水族館に奇跡が起きる7つのヒミツ―水族館プロデューサー中村元の集客倍増の仕掛け

新江ノ島水族館、池袋のサンシャイン水族館、山の水族館などのプロデュースを手がけた方がどのような発想で成功につなげているか、取材を元に整理している本。もともと魚も水族館もそんなに好きではないと公言している方だけに、なぜ水族館の価値を発揮させられるようなことができるのかとても興味深い内容。

テーマ的には水族館を核にした地域おこしの話にもつながっていて、その発想の広がりや行動力は先日読んだ「ローマ法王に米を食べさせた男」の水族館版っていう感じがした。

特に北海道の山の水族館の事例はすごくて、バスと電車で行くと待ち時間も含めて空港から4時間半(レンタカーでも空港から1時間半)かかる場所にあって、もともとは地元の人しか知らないような場所だったのを、低予算でリニューアルをして1年間の入館者数が15倍の30万人に!

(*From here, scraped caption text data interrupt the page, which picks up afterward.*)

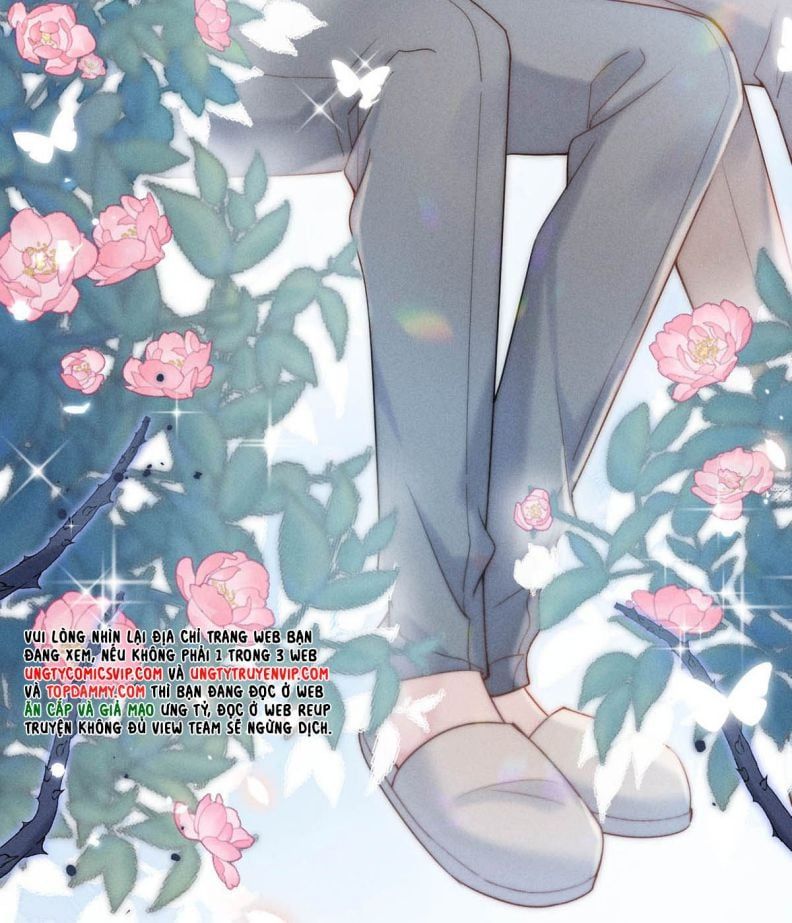 Nước Đổ Đầy Ly Chapter 79 - Trang 2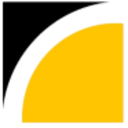 Logo CAN2 TERMIK A.S. TN1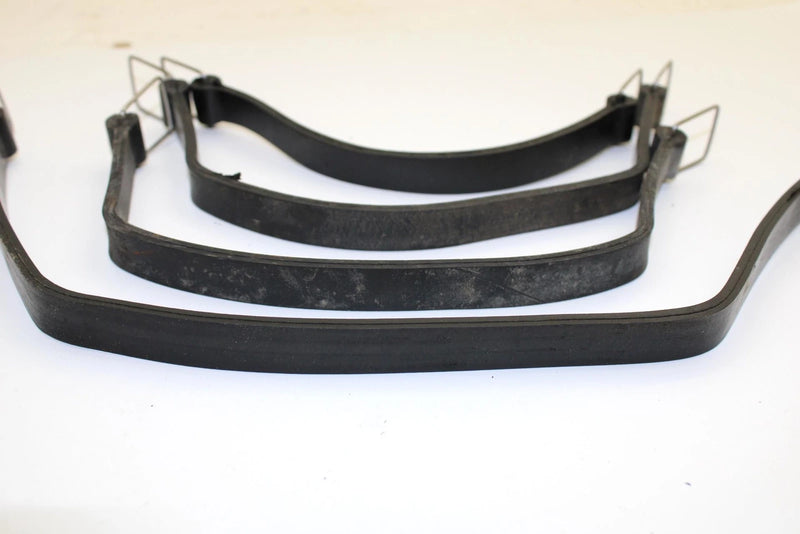 90 Sea-Doo SP OEM Strap Set JS1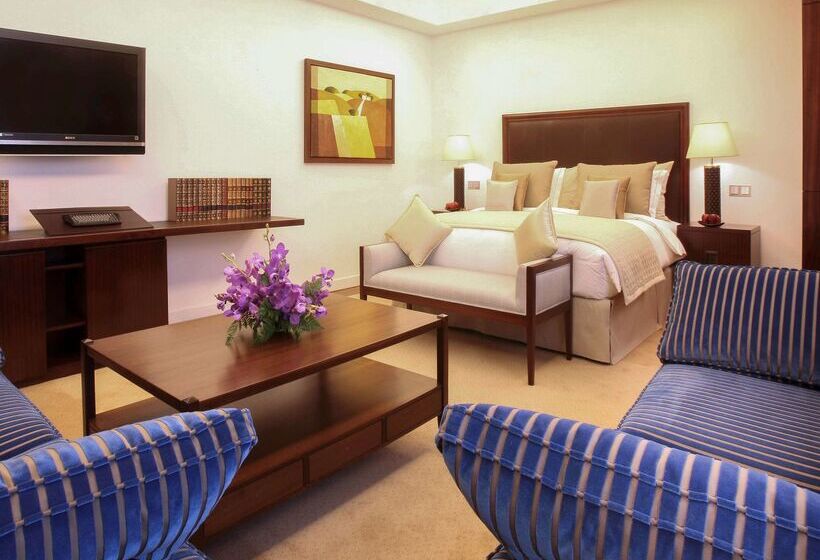 La Cigale Hotel Managed By Accor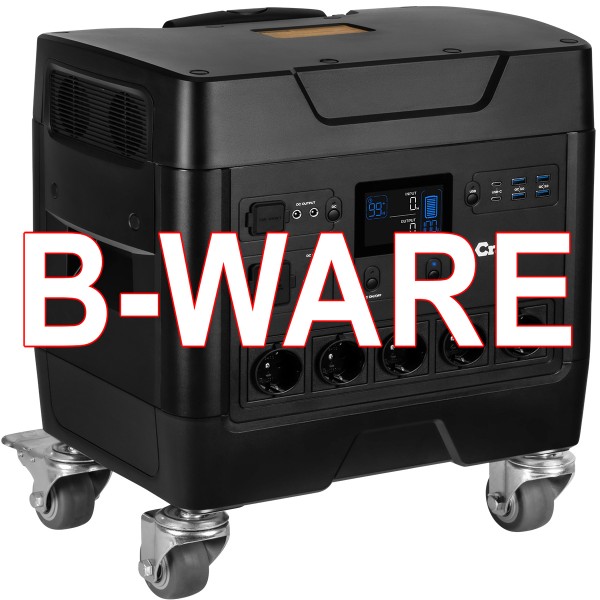 01-powerstation-3600-watt-craftfull-fast-charge-startbild-b-ware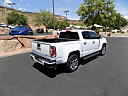 Thumbnail image of 2018 GMC Canyon at Bluff Street Auto Brokers
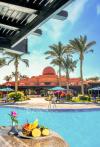 Sentido Oriental Dream Resort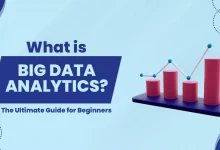 what is big data analytics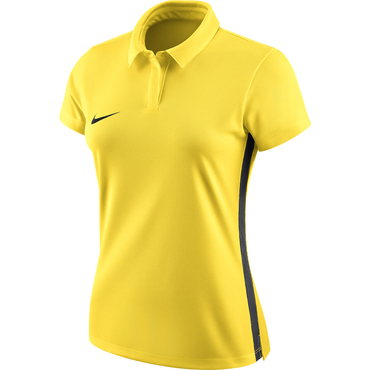 ACADEMY 18 POLOSHIRT Femme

その背景にある考え方の1つが顧客視点。これだけさらっと書くと何を当たり前のことを…っていう感じがするけど、読んでいくとなるほどなと思える。

例えば、水族館はどういう場所であるべきかということを考えたときに、運営者側は教育や種の保存、調査・研究といった社会教育施設として考えている。レクリエーション的な要素も考慮されているとはいえ「水族館は教育施設でなければならない」という考えが根強く、これがお客さんが求めるものとのズレを生じさせているという。

それをあらわしているのが次の言葉。

「多くの水族館はマーケティングを真剣にやってこなかったんです。いまだに子どもが家族を連れてくると思ってるからチャンチャラおかしい。小さな子どもは水族館よりも動物園に行きたがるもので、水族館に家族を連れてくるなんてことはないです」
(p68)

そこでターゲットをしっかり定め、その人たちが何を求めているかを考え、そこにあわせて展示内容も作っていく。サンシャイン水族館の場合、子供より大人が大事なターゲットと定め、大人のための「天空のオアシス」というコンセプトで癒しやくつろぎの空間を作る。

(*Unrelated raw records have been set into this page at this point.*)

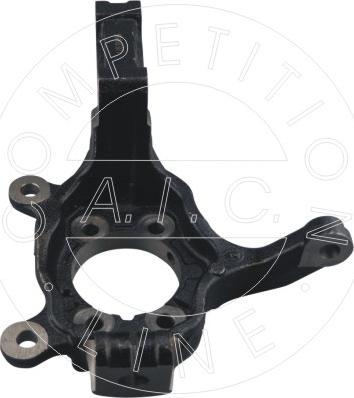 AIC 56458 - Articulatie directie, suspensie roata parts5.com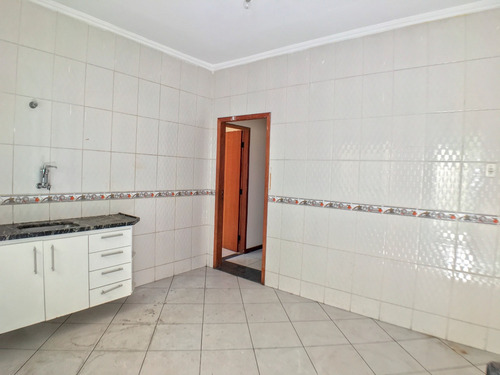 Imagem 9 de 18 de Casa De Condomínio À Venda, 2 Quartos, 1 Vaga, Centro - Contagem/mg - 21060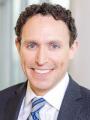 Dr. Justin Cohen, MD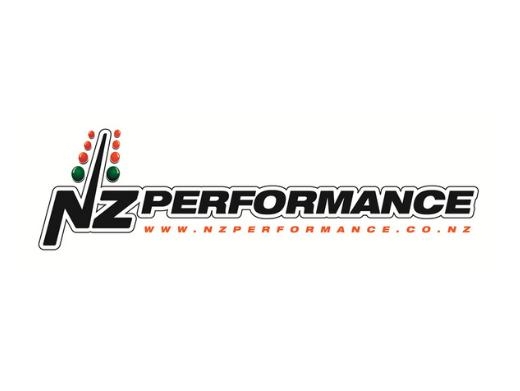 https://www.nzperformance.co.nz/ website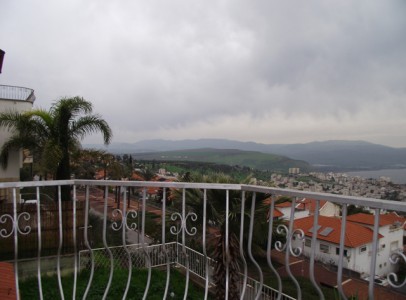 DSCF2906_640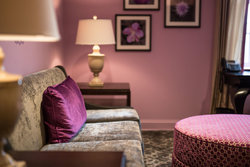  - Mayton Inn Cary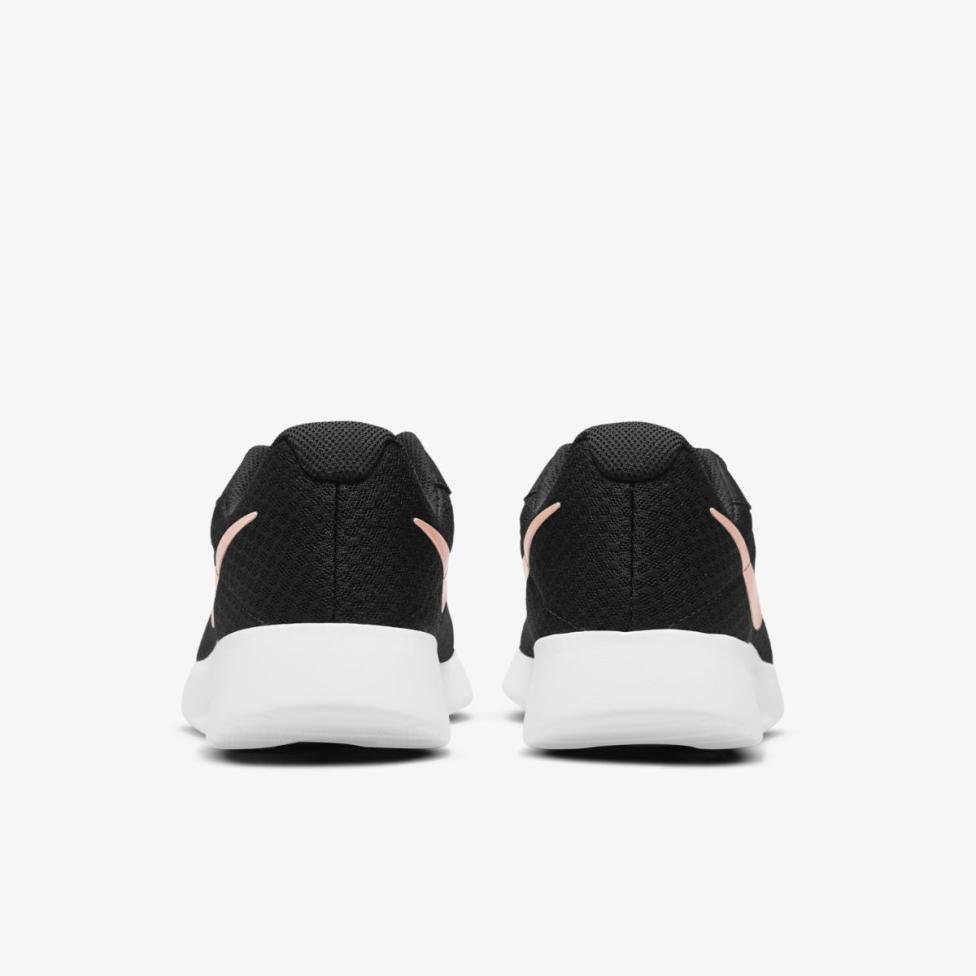 Женские кроссовки NIKE WMNS TANJUN DJ6257-001_image_6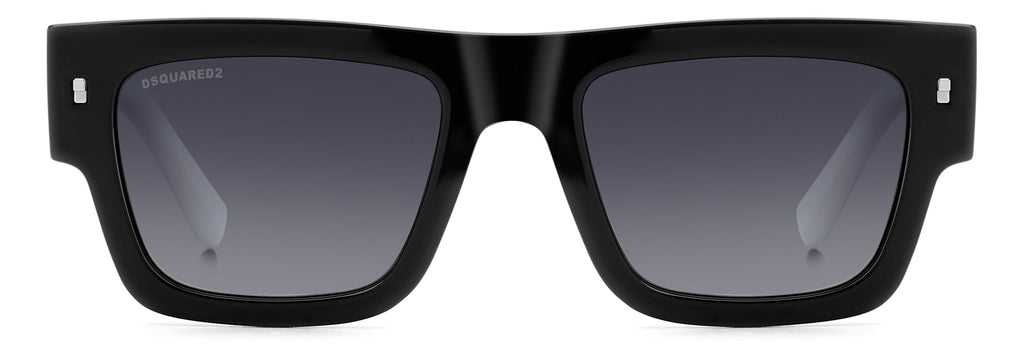 DSQUARED2 Icon 0021/S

山の水族館では、北海道の自然を感じられるようなコンセプトにし、それが一言で分かるコンセプトコピーにまとめる。山の水族館のコンセプトは「日本一と世界初がある 北の大地の水族館」。そして、コンセプトはそれぞれの場所でしか得られないものに濃縮する。このあたりのコンセプトの明確化は星野リゾートの話とも通じるなーとも思った。

これに関して1つ印象に残ったのが次の話。

「ただ、なんでもやればいいというわけではないよ。大きな水族館ではマネできない仕掛けを考えると同時に、他の水族館では勝てない方向にもっていくことです。たとえ、相手がボブ・サップのような巨漢でも、指相撲なら勝てるかもしれないじゃないですか」(p245)

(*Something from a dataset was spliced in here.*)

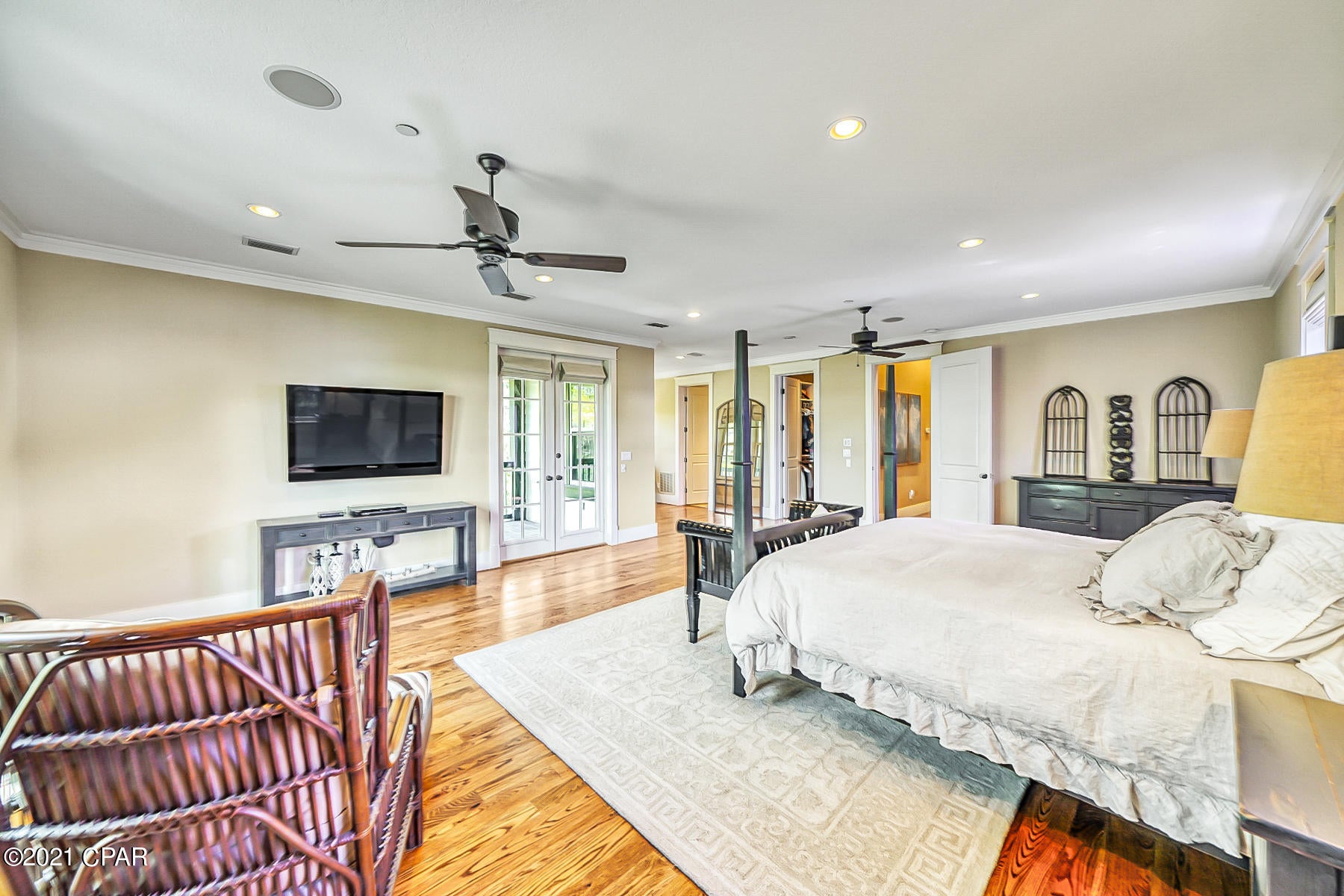 Grande Pointe At Inlet Beach - Residential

こうした形でそこでしか得られないものをコンセプトにして明確にすることでマスコミにもとりあげられやすくなる。記事にしたり、レポーターが中継する時に、「ここはまさに「天空のオアシス」です!」とか、「日本一の〇〇がある水族館です!」といった形で取材者側もポイントが明確で扱いやすくなる。

プロモーションはかなり力を入れていて、鳥羽水族館で働かれていた時代に、東京のテレビ局に鳥羽水族館の名前をアピールするために、放送局のある路線に絞って中吊り広告に鳥羽水族館の広告を出して印象を焼き付けるようなことをしたりしている。

こうした予算が無いなら無いで、山の水族館のように予算が無かった場合は、「日本一の貧乏水族館」がリニューアルによってどう変わったかということをアピールし続ける。しかも、メディアで紹介される時を見据えて、リニューアルの途中から実験や作業の様子を撮っておいて資料VTRとして使えるようにしてあるという。

正直ここまでやるとは…と思って、見方によってはあざといと見えるかも知らんなーとも思ったけど、逆にここまで徹底してやっているからこそ、予算とかリソースが無い中でも成功につなげていけるんやろうなーとも思った。

また、マスコミとか派手なことだけではなくて、お客さんの後をついていってどういう風に展示を見ているか地道な行動調査をしたり、1つ1つの展示内容や解説文をどう見てもらえるものにしていくか練っていったりという作業を繰り返して改善を重ねていることがバックグラウンドにはある。

他にも、「オペラ座の怪人」のミュージカルを見に行った時のセットの効果を水族館の展示のプロデュースに生かしたりなど、発想の広がりがすごくて、いろんなことを活かして企画や展示に活かしている。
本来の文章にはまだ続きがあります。